**DATA BLOCK:**
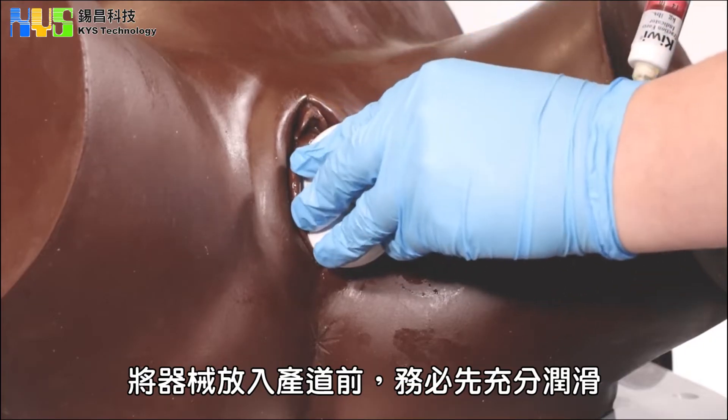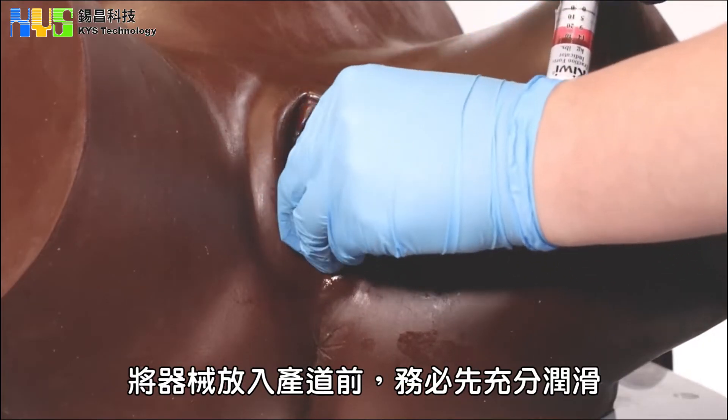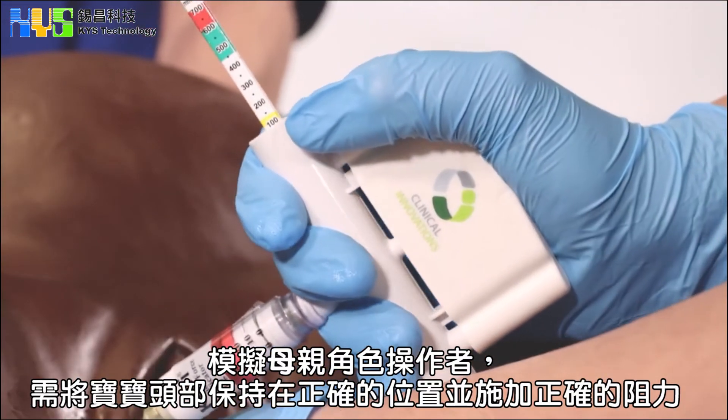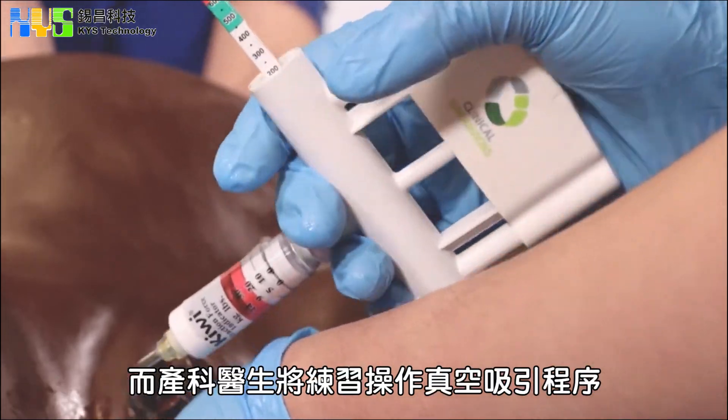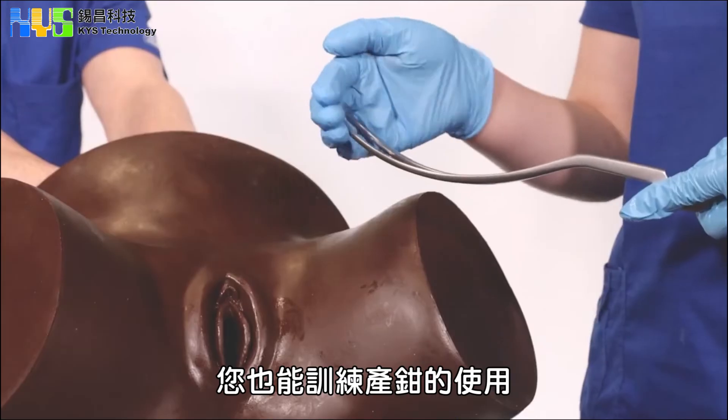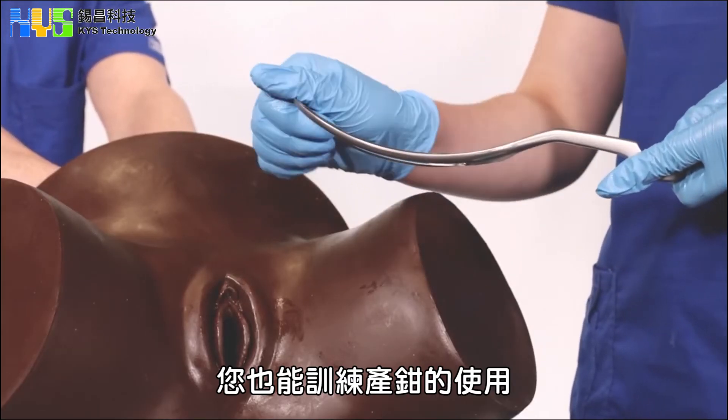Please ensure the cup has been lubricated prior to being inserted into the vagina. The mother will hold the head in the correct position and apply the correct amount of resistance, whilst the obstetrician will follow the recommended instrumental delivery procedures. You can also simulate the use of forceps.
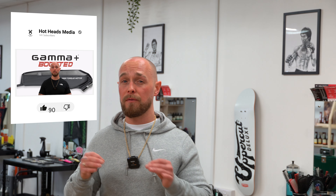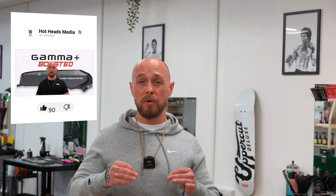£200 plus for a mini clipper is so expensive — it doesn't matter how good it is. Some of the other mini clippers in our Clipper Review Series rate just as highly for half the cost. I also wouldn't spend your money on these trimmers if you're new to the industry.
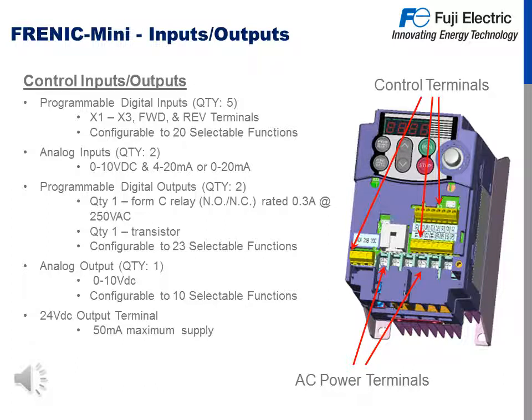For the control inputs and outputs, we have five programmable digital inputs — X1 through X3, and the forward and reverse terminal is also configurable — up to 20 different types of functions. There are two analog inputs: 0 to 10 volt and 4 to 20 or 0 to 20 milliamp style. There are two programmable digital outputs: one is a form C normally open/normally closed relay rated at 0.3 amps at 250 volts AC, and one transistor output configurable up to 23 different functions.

**WHAT THE TASK REQUIRES:** Write the lines above out again exactly, without any of their pictures.

**OUTPUT OF THE TASK:**
Please ensure the cup has been lubricated prior to being inserted into the vagina. The mother will hold the head in the correct position and apply the correct amount of resistance, whilst the obstetrician will follow the recommended instrumental delivery procedures. You can also simulate the use of forceps.
£200 plus for a mini clipper is so expensive — it doesn't matter how good it is. Some of the other mini clippers in our Clipper Review Series rate just as highly for half the cost. I also wouldn't spend your money on these trimmers if you're new to the industry.
For the control inputs and outputs, we have five programmable digital inputs — X1 through X3, and the forward and reverse terminal is also configurable — up to 20 different types of functions. There are two analog inputs: 0 to 10 volt and 4 to 20 or 0 to 20 milliamp style. There are two programmable digital outputs: one is a form C normally open/normally closed relay rated at 0.3 amps at 250 volts AC, and one transistor output configurable up to 23 different functions.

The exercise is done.